■ **WORK ITEM**: All lines below starting at the one that holds "GRUHUM Handwoven 5ft" and ending at the one that holds "Mikuláš v červenom" should be printed exactly, ends included. Pictures should not be printed, nor anything else.

■ **LISTED ENTRIES**:
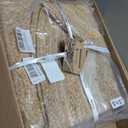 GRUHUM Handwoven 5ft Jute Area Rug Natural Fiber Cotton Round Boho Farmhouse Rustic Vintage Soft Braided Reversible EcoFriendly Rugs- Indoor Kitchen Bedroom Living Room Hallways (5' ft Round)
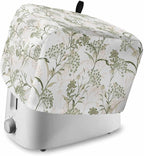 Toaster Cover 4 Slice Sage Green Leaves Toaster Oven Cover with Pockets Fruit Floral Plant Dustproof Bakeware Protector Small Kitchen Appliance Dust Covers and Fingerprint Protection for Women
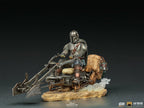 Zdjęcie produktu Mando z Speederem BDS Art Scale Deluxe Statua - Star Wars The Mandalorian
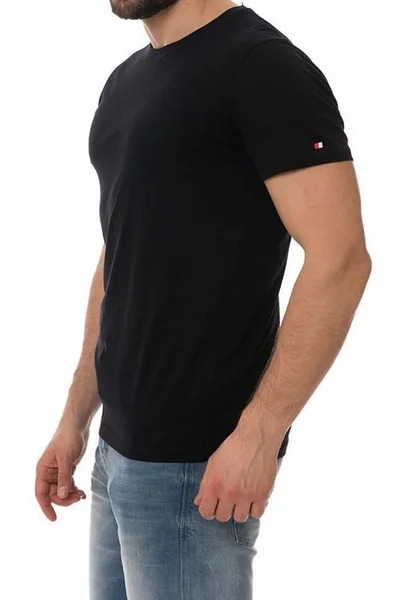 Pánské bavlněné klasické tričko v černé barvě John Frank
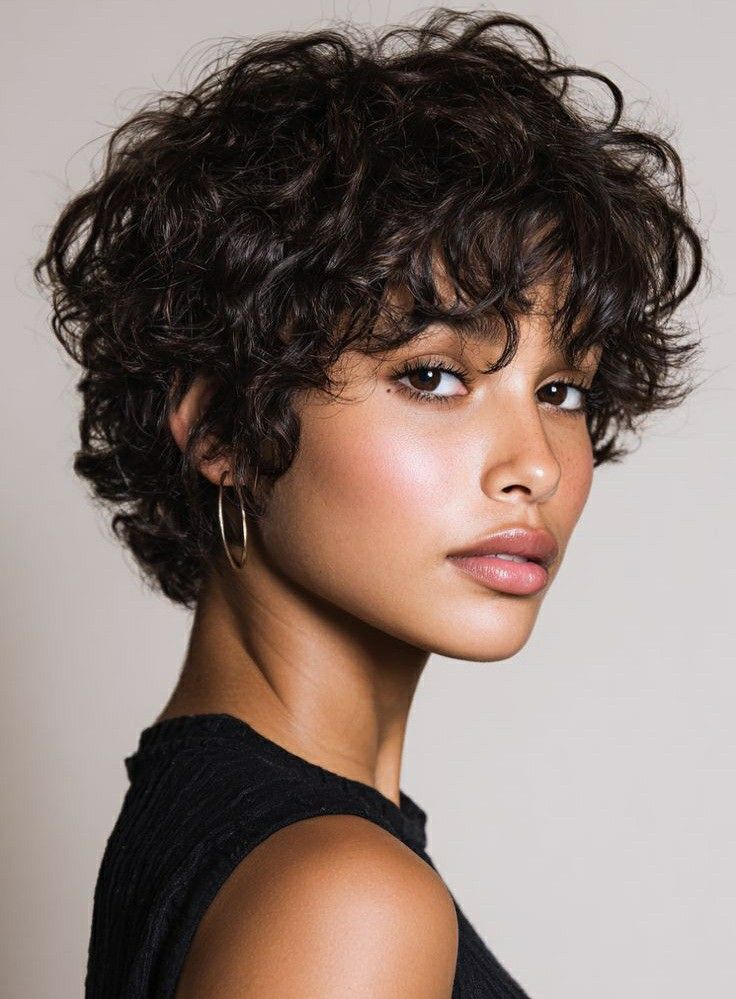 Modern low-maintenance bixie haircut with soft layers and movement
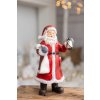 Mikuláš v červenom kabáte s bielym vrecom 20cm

* * *

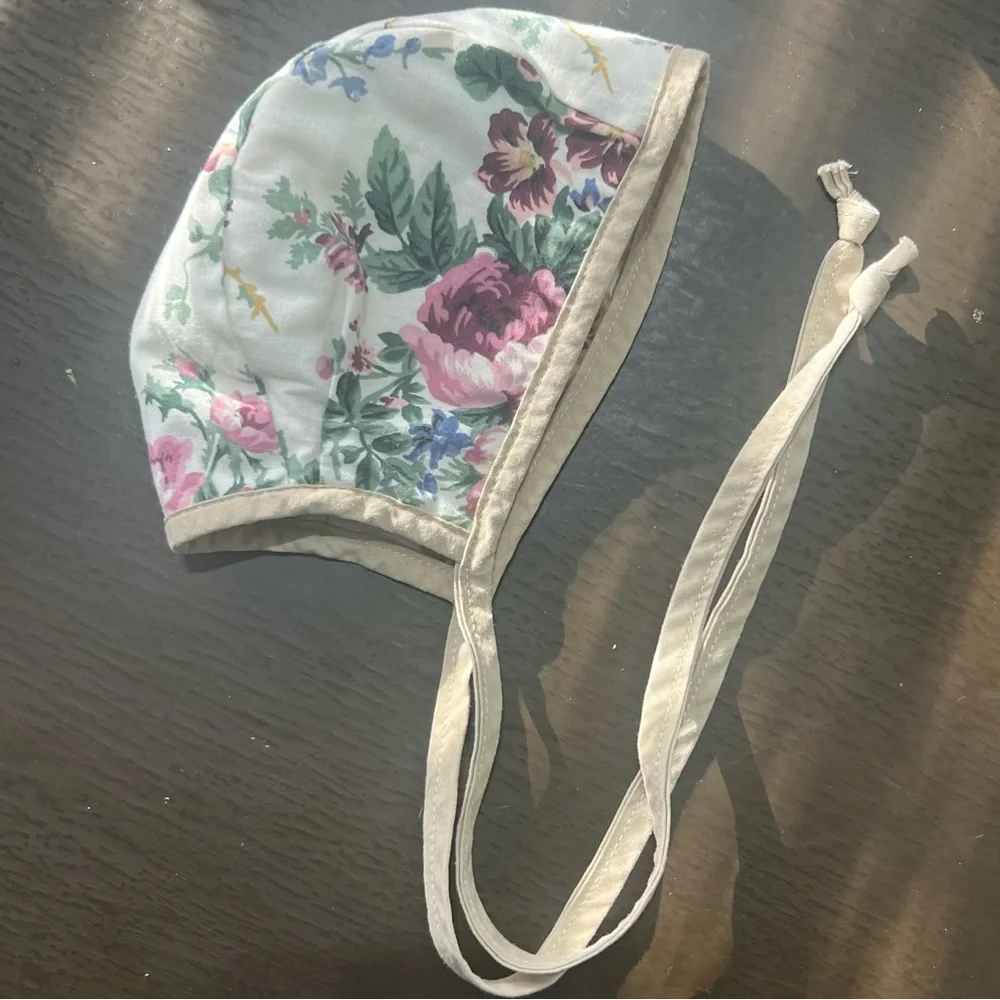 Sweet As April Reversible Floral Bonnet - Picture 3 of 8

* * *

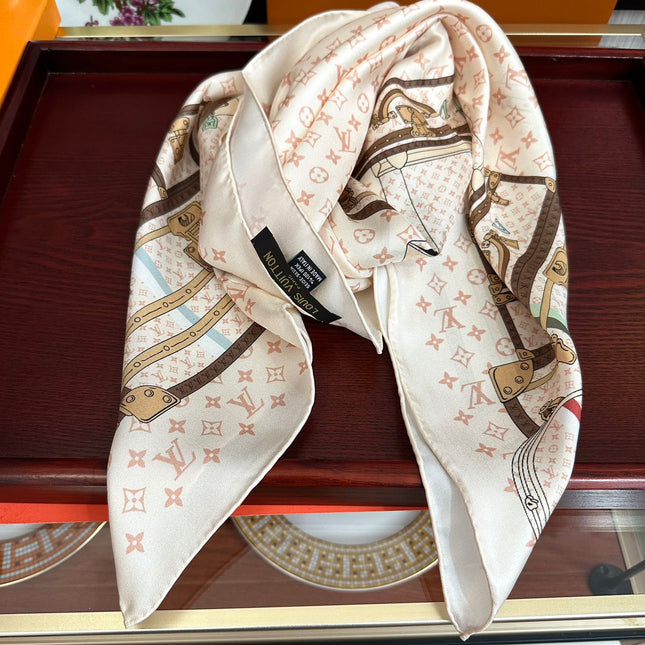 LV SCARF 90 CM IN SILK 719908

■ **SOLVED PROBLEM**:
 GRUHUM Handwoven 5ft Jute Area Rug Natural Fiber Cotton Round Boho Farmhouse Rustic Vintage Soft Braided Reversible EcoFriendly Rugs- Indoor Kitchen Bedroom Living Room Hallways (5' ft Round)
 Toaster Cover 4 Slice Sage Green Leaves Toaster Oven Cover with Pockets Fruit Floral Plant Dustproof Bakeware Protector Small Kitchen Appliance Dust Covers and Fingerprint Protection for Women
 Zdjęcie produktu Mando z Speederem BDS Art Scale Deluxe Statua - Star Wars The Mandalorian
 Pánské bavlněné klasické tričko v černé barvě John Frank
 Modern low-maintenance bixie haircut with soft layers and movement
 Mikuláš v červenom kabáte s bielym vrecom 20cm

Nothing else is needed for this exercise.